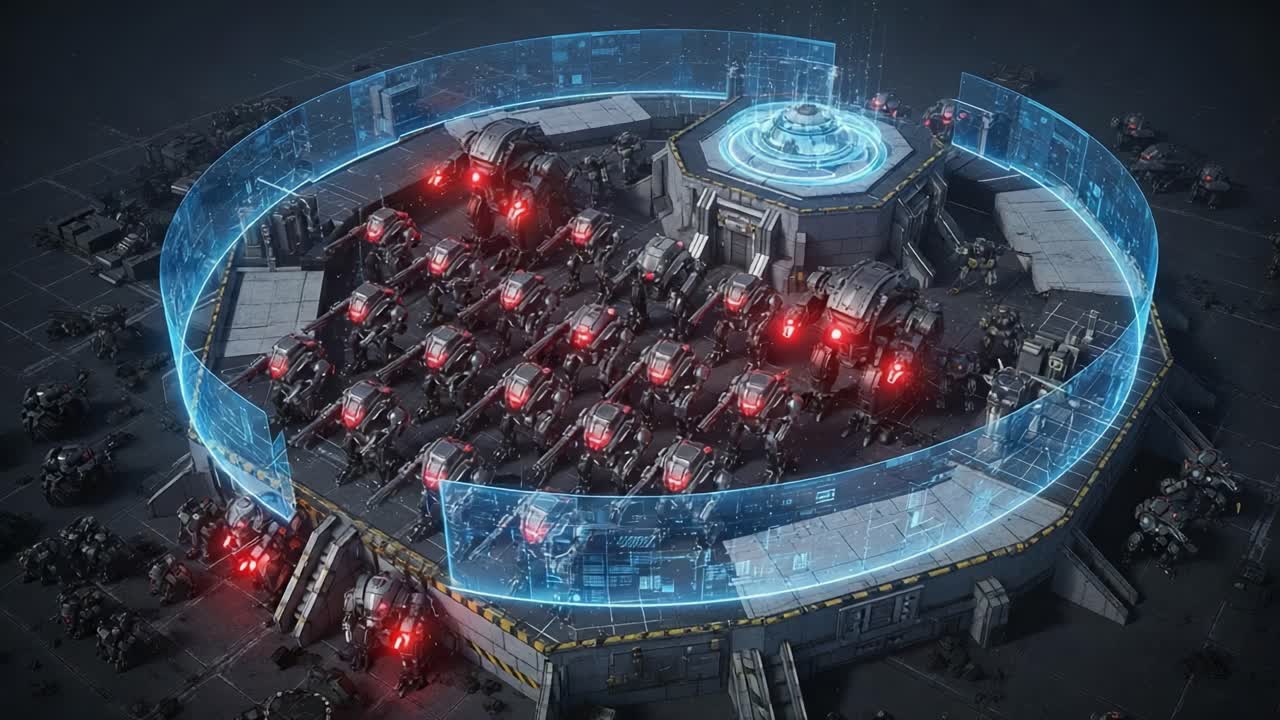 Advanced Robotic Citadel Surrounded by High-Tech Defense System Featuring Multiple Mechs and a Central Control Hub in a Futuristic Landscape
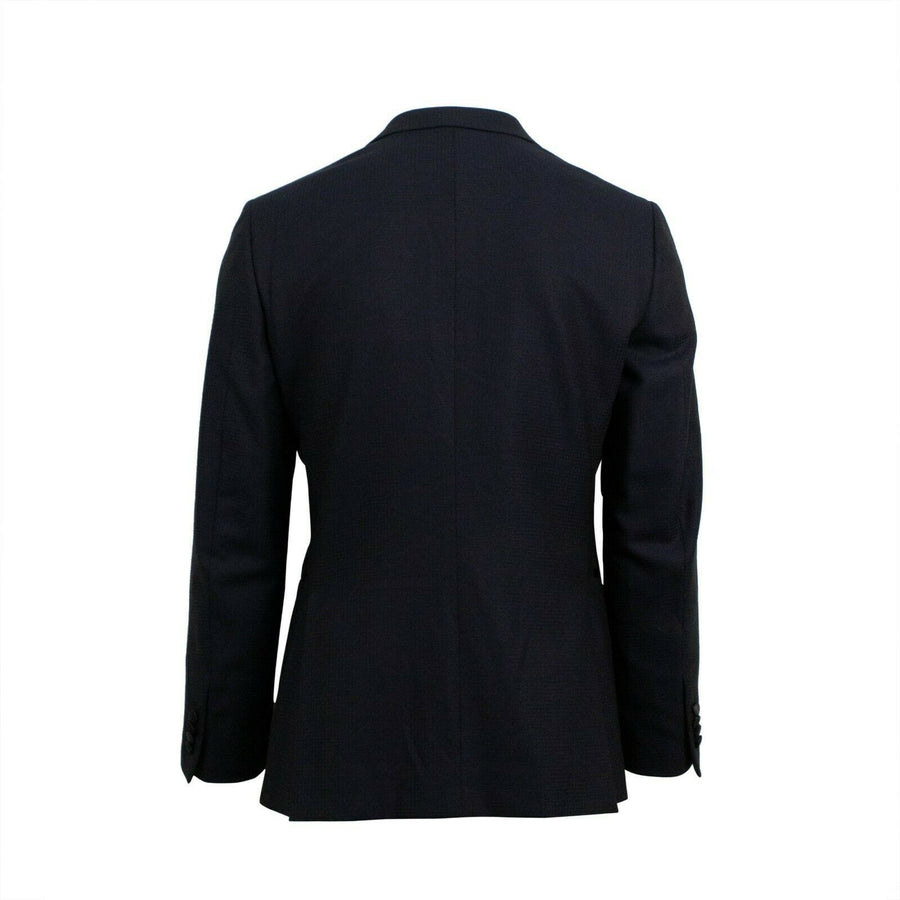 Small Check Wool Two Button Suit - Navy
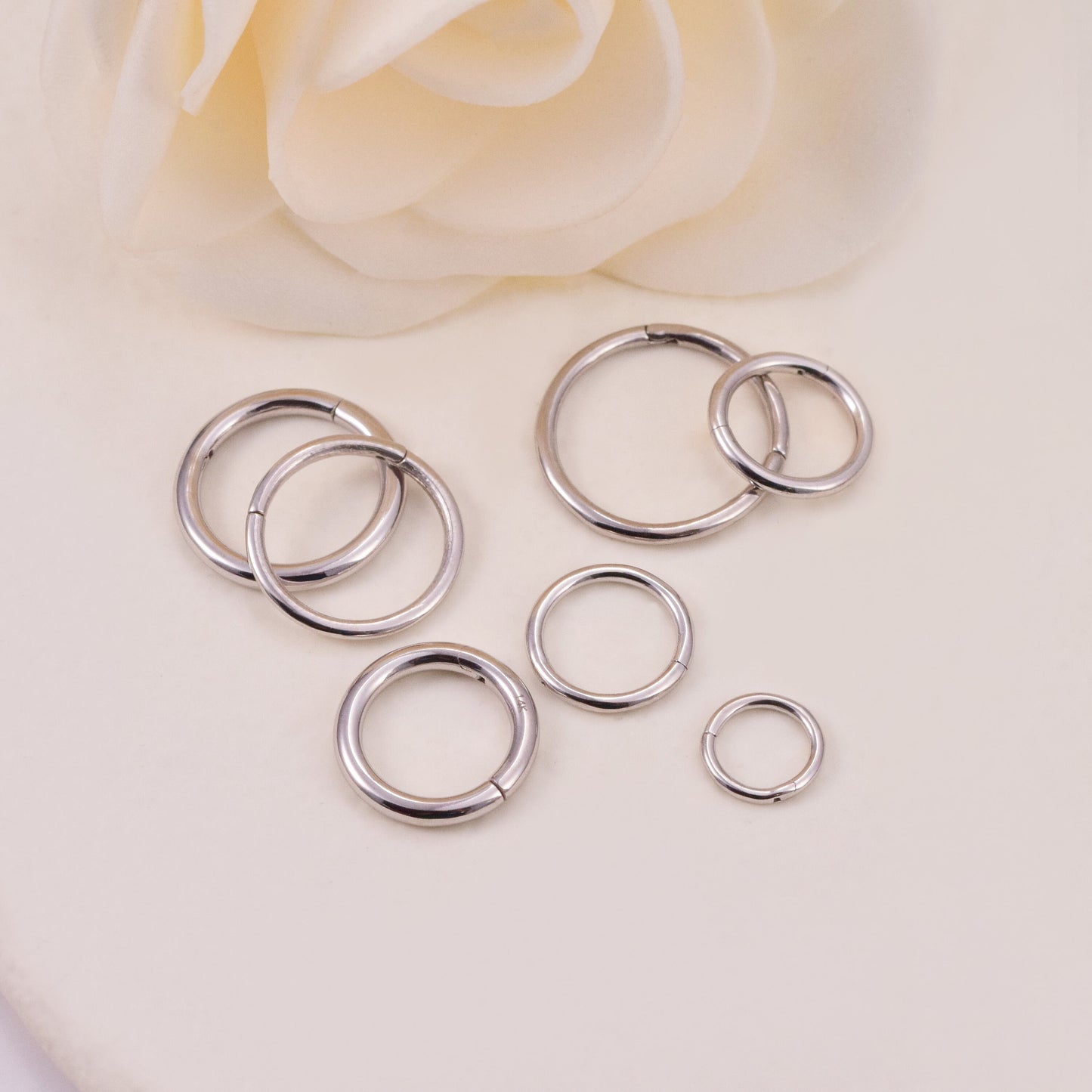 14K Solid White Gold Hinged Hoop Earring 16G 18G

▸ Exercise brief:
Copy exactly what appears from the line holding "Small Check Wool Two Button Suit - Navy" to the end of the material, keeping both end lines. Pictures are not part of the copy.

▸ Result for this task:
 Small Check Wool Two Button Suit - Navy
 14K Solid White Gold Hinged Hoop Earring 16G 18G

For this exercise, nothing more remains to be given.